Diamond Sports Group, LLC is now suing its parent company, Sinclair Broadcast Group, Inc, reportedly alleging that an inappropriate payment was made to JP Morgan Chase & Co. In a separate but related lawsuit, Diamond is also suing JPMorgan.
The details on the lawsuit are extremely limited at the moment and neither Diamond nor Sinclair have issued a statement so far. According to Bloomberg Law, both lawsuits were filed in secret and have been sealed. It would seem that the two lawsuits center around a preferred equity repayment paid to JPMorgan by Sinclair.
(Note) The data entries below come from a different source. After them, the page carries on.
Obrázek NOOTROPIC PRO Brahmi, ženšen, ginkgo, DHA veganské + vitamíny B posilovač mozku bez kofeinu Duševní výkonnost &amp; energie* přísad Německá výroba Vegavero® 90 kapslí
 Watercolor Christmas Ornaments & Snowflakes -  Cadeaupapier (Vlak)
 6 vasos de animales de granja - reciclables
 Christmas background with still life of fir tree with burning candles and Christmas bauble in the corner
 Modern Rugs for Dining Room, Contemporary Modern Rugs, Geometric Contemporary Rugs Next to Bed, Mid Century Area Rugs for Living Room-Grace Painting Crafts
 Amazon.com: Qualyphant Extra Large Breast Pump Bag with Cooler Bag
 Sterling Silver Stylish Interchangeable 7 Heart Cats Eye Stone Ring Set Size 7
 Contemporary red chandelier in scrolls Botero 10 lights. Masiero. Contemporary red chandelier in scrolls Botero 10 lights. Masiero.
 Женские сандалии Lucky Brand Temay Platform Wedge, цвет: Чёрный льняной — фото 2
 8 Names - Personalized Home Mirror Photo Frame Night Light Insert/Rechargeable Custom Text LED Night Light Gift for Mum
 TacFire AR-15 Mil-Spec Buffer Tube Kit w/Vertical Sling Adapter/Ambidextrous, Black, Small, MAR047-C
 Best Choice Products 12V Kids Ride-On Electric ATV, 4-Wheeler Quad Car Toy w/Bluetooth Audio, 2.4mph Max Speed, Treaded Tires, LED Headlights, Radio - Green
In spite of the limited information available, Next TV has looked to provide some additional context on the basis of the lawsuits. Citing “an individual with knowledge of the complaints,” Next TV reports that Sinclair made a payment of $190.2 million to JPMorgan in February, shortly before Diamond filed for bankruptcy.
The timing of this payment appears to be important here, as the suggestion being made is that Sinclair pushed scheduling of the payment forward knowing that Diamond was about to enter bankruptcy. The other suggestion is that the payment essentially allowed JPMorgan to recover nearly all of the initial investment it made in 2019 to help Sinclair purchase the Fox-owned RSNs. It is these RSNs that eventually became Bally Sports RSNs.
According to the report, the main issue Diamond seems to have with Sinclair and JPMorgan is that it has been left dealing with the financial fallout while JPMorgan was largely repaid on its investment and Sinclair profited from a naming rights deal with Bally’s Corp.
Outside of these lawsuits, the Diamond Sports issues continue. After initially losing the rights to San Diego Padres games, Diamond also recently relinquished the rights to Arizona Diamondbacks games as well.
Broadcast rights to both of these teams have now been returned to MLB, who is now offering local broadcast options as well as direct-to-consumer streaming solutions.